--- Data extract ---
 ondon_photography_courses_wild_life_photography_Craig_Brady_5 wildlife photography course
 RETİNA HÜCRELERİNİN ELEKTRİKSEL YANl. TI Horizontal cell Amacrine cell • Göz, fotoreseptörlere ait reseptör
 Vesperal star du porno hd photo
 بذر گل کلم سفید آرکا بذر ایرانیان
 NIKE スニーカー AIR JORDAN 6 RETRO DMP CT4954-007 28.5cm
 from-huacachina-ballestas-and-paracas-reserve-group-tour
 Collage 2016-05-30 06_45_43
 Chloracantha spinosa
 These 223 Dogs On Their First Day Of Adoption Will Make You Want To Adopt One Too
---
--- Data extract ---
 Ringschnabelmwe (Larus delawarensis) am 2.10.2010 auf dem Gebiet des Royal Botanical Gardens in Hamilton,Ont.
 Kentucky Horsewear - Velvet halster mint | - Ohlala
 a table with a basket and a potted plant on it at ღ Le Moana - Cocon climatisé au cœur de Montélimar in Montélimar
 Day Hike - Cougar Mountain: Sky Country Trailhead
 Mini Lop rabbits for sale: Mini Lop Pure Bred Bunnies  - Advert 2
---
--- Data extract ---
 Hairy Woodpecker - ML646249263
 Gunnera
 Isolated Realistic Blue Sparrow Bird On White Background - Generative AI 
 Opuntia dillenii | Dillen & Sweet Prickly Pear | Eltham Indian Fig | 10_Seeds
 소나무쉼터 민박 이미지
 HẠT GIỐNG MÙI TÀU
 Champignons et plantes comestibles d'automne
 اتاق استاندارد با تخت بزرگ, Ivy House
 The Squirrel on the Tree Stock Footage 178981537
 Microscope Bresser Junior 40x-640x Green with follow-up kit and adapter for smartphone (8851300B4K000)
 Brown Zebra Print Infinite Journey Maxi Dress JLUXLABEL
---
### Work to complete
Find "NIKE スニーカー AIR" in the entries above and copy that whole line exactly, then each line after it through the line that contains "These 223 Dogs".

### Problem solution
 NIKE スニーカー AIR JORDAN 6 RETRO DMP CT4954-007 28.5cm
 from-huacachina-ballestas-and-paracas-reserve-group-tour
 Collage 2016-05-30 06_45_43
 Chloracantha spinosa
 These 223 Dogs On Their First Day Of Adoption Will Make You Want To Adopt One Too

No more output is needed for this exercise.